3. First Timer. The family seated behind us brought their son, who seemed to be about nine years old, and it was exciting to see him and think back almost fifty years to my first walk up the ramp to see the green grass and the entire experience. Way to go, young man, enjoying the game and great seats.

4. Dusted. Dustin Pedroia might struggle at the plate, but he made a pair of game saving plays. With runners on first and second, Adrian Beltre fought off a rocket, and Pedroia made a great turn at second off an imperfect throw to preserve the shutout. In the bottom of the ninth with Jason Kendall on third, Pedroia fielded a rocket to his right, flashing backhand leather to save the game late.

5. Pitching up to Boston. Jonathan Papelbon came on to the usual fanfare, and had to face 4-5-6. He jammed Billy Butler to fly out to left, then fanned Jose Guillen (and his eleven homers), and got a fly out to end it. Papelbon managed to get through the ninth 'clean' and hit 95-96 regularly on the gun.

Thursday, May 27, 2010

Five Swings: Don't Look Now, Stats and More

After entering the Alternate Reality of the 2010: Lost Season, the Sox overwhelmed the Rays and restored order to chaos. Meanwhile, what do the stats say.

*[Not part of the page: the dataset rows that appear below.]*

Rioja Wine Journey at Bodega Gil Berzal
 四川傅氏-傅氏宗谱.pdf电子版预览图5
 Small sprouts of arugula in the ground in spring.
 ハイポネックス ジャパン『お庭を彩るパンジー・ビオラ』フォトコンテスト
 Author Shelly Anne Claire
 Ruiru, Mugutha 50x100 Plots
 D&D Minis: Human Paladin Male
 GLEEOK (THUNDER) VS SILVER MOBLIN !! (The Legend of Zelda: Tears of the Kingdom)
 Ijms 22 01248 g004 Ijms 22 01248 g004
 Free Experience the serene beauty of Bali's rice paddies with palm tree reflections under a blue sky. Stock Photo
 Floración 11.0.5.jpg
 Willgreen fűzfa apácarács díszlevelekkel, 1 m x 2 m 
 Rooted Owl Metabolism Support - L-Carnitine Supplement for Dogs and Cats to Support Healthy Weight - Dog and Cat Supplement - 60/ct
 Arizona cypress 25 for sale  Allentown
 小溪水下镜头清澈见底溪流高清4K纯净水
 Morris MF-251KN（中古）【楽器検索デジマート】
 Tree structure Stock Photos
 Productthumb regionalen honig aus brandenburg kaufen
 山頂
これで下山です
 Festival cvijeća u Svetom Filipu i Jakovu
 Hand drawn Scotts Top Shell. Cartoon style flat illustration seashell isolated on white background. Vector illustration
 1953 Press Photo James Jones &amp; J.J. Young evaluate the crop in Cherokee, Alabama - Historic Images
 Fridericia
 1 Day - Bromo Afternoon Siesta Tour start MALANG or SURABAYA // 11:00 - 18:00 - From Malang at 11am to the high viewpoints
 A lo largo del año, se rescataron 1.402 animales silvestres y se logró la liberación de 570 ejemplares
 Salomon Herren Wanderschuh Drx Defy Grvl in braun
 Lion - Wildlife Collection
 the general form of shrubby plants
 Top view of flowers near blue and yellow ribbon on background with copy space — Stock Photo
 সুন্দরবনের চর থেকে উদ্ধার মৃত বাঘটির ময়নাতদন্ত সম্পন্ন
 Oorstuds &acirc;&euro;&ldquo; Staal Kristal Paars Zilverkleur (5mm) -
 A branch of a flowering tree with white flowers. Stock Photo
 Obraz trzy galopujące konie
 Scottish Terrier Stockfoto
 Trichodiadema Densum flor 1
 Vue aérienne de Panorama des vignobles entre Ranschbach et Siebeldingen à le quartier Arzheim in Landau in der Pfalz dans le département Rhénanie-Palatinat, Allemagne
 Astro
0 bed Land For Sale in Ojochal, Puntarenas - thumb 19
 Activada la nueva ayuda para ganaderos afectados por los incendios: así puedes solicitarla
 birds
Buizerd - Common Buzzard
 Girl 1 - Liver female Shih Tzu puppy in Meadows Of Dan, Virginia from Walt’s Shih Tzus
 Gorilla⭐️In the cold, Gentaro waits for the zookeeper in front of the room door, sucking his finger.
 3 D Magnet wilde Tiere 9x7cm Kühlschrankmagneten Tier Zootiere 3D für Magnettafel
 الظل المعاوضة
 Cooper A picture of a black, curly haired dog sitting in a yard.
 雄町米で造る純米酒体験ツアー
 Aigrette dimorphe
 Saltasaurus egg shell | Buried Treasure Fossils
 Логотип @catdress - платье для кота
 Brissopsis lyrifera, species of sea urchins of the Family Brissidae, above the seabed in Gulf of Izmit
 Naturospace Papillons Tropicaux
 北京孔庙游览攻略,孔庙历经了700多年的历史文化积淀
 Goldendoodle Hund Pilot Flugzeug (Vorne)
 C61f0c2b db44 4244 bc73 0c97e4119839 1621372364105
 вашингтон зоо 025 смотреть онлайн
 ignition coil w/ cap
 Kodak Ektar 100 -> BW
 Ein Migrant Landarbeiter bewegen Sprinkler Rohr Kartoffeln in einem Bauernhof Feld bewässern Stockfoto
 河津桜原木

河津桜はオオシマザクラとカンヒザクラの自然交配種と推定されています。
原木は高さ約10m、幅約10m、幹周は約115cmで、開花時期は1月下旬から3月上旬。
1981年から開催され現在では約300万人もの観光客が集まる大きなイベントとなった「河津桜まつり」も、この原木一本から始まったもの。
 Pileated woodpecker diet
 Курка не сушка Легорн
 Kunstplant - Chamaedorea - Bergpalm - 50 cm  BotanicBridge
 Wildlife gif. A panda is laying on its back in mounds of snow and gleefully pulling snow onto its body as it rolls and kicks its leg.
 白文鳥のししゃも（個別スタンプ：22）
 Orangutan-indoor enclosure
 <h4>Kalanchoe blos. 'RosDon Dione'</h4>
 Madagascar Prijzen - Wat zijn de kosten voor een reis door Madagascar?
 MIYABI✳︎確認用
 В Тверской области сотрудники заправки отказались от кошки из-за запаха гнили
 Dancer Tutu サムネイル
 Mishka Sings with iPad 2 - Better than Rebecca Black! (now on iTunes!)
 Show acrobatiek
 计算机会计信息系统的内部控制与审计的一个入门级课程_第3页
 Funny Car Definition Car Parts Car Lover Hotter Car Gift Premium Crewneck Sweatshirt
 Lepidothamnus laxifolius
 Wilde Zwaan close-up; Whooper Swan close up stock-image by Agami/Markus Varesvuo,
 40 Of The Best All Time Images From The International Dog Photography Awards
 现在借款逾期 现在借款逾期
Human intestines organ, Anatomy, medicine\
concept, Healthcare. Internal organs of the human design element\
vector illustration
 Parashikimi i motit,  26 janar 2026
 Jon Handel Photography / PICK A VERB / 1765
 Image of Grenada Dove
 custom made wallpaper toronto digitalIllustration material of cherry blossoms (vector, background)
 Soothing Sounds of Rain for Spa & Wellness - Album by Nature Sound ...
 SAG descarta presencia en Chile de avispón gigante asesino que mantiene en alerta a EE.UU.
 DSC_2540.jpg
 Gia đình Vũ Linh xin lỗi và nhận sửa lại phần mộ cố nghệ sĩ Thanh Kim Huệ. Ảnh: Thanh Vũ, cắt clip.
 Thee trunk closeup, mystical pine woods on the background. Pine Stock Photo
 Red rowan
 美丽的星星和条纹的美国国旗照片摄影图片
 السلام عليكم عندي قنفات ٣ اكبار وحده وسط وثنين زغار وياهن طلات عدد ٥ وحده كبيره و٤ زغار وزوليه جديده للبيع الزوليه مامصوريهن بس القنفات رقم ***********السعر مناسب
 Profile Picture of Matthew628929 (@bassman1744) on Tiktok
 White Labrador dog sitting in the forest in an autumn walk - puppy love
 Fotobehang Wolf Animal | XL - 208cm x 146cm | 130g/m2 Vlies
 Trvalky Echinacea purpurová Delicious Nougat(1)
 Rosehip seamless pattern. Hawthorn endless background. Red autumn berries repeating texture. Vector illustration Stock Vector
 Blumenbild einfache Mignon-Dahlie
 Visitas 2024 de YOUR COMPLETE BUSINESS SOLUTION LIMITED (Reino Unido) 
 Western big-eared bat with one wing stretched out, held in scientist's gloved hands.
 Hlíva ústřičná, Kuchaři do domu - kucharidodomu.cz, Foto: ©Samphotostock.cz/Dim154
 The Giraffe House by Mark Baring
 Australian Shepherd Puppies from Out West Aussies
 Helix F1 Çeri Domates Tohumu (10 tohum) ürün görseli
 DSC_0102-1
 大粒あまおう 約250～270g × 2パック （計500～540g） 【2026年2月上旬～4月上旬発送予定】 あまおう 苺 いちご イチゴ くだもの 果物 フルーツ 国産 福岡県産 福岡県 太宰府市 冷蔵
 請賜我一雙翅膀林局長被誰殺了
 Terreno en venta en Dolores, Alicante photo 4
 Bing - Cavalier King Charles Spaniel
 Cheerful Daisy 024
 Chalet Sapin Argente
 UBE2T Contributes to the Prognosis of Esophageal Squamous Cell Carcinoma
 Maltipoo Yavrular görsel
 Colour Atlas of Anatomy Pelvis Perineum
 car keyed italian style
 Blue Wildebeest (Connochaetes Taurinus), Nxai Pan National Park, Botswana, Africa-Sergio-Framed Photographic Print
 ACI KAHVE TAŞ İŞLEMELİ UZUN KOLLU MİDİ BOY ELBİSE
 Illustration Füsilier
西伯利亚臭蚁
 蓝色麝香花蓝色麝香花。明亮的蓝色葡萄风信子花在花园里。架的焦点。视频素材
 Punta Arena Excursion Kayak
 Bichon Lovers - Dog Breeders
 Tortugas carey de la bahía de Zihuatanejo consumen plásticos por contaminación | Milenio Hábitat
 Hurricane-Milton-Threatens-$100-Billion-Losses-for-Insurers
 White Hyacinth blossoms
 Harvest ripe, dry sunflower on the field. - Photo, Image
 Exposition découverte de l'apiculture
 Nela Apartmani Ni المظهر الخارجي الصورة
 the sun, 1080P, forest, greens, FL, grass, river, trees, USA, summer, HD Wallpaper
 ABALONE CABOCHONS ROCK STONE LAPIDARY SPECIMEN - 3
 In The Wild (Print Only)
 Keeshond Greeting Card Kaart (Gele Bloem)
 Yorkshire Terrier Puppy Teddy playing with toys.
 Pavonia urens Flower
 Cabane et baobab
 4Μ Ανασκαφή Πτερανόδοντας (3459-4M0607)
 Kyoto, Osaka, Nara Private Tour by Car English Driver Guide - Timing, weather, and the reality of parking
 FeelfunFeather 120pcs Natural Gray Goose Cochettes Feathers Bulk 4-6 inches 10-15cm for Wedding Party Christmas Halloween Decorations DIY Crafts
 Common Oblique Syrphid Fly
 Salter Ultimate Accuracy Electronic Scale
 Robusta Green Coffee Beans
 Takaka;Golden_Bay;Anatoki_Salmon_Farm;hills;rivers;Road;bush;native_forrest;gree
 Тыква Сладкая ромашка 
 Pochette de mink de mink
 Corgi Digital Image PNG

1. Belted. What a difference a day makes for Adrian Beltre, who now sits in the top 20 in OPS in the AL, ahead of...Joe Mauer and A-Rod (sans PEDs). Twelve total bases last night didn't hurt AB.
Maybe A-Rod has too many extra-curriculars in play. Ty Wigginton? But what this shows is how dominant a hitter that Kevin Youkilis has become.

2. Fielding Bible. The Red Sox chased the "run prevention" theme in the off-season, which sounded good, until it didn't work, at least for the first quarter of the season.
Fielding percentage can be a misleading stat, as it doesn't account for other types of defensive misplays, like balls bouncing past you off walls, missing cutoffs, poor range, and so forth. I think Hawk Harrelson had a 1.000 percentage one season, and nobody was handing him a Gold Glove. I'm not really sold on Scutaro defensively, but other than that, the infield's pretty sound. Jeremy Hermida has a lot of Greenwell in him in left defensively, and J.D. Drew is an exceptionally underrated right-fielder defensively.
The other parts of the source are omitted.